Muslims in MP grapple with TINA factor as Congress embraces Hindutva

Grand Old Party calls itself secular, but its current version of Hindutva can't even be termed ‘soft’ anymore


As the BJP and the Congress sharpen their electoral rhetoric in poll-bound Madhya Pradesh, the state’s Muslim community is confronted with a Hobson’s choice.

The Congress, under its state president and former chief minister Kamal Nath, has distinctly swerved right. Though it continues to call itself ‘secular’, the Congress has embraced a version of Hindutva that can no longer be termed ‘soft’. The ruling BJP, under CM Shivraj Singh Chouhan, who until a few years ago stood out among his colleagues as a moderate leader willing to host iftaars, don the skull cap and share stage with Islamic clergy and common folks alike, has dialled up its faith in communal polarisation promising, among other things, ‘bulldozer justice’ and an unsparing crackdown on love jihad and religious conversion.

Caught between the two dominant parties are the Muslims, who have a substantial presence across 25 of the state’s 230 assembly constituencies but find no mention of their concerns – social, economic or political – in the prevailing electoral discourse.

Taking Muslims for granted

The community’s angst stems not so much from the hysteria kicked up against it by the BJP’s drumbeaters but from the apathy that the MP unit of the Congress has shown towards concerns of the Muslims and from Nath’s desperate attempts at wooing the Hindu electorate using tricks that seem straight out of the BJP’s electoral handbook.

“To ask what electoral choices Muslims have in MP is pointless. A choice would mean that the community has alternatives. In MP, you have just two parties, the BJP and the Congress. The Muslims will not vote for the BJP for reasons known to everyone. Why Muslims feel betrayed is because the Congress today takes Muslim support for granted and doesn’t feel the need to engage with the community,” Aziz Qureshi, a former governor of Uttarakhand and Uttar Pradesh and one of the state’s seniormost Congress leaders tells The Federal.

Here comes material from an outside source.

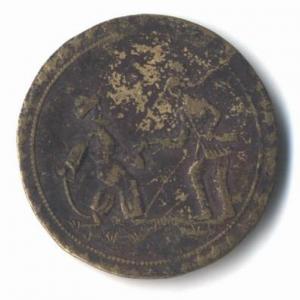 Фото из темы2.jpg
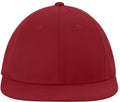 Sport-Tek Pro-Cut Stretch-Tek Cap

Qureshi claims that despite the increased targeting of Muslims in MP by “Hindutva goons” and othering of the community “in every field”, Congress leaders like Nath “aren’t bothered...their message to the Muslims is ‘you are a liability for us’... Muslim leaders in the party don’t count, their views don’t matter.” He adds, “I am the seniormost party leader in the state today because I became a member of the All India Congress Committee in 1972 when people like Kamal Nath had not even entered politics but today I am a nobody; if I write to our leaders red-flagging concerns of the community, I don’t even get a reply.”

Arif Masood, Congress MLA from Bhopal Central and one of only two Muslim MLAs in the 230-member MP Vidhan Sabha (the other is the ailing Arif Aqueel, six-term Congress MLA from Bhopal North), disagrees with Qureshi but failed to explain why many in his community feel betrayed by his party. “The Congress was, is and will always be committed to the Muslims,” Masood told The Federal, asserting that while “there may be some issues on which we could have been more vocal but it is wrong to say that our political approach to the Muslims has become like the BJP’s... we are a secular party, BJP is communal and everyone knows that but still, if there is a view that we need to do more to earn the trust of the Muslim community, we will surely do that”.

Dearth of options

Vijay Dutt Shridhar, Bhopal-based political commentator and founder of the Madhav Sapre Museum of Newspapers and Research Institute, says the only difference between the BJP and the Nath-led Congress in MP today is that unlike the former the latter “doesn’t instigate or commit violence against Muslims”. He explains, “maybe because the Muslim population is only around 50 lakh, the Congress feels actively raising their issues is a bad strategy because the community anyway will vote for the party but what makes the Congress’ current posturing troublesome, or even dangerous, is that while it is absolutely silent on attacks against Muslims, it seems eager to engage with and patronise those elements of the Hindutva ecosystem who are responsible for not just instigating but even carrying out such attacks.”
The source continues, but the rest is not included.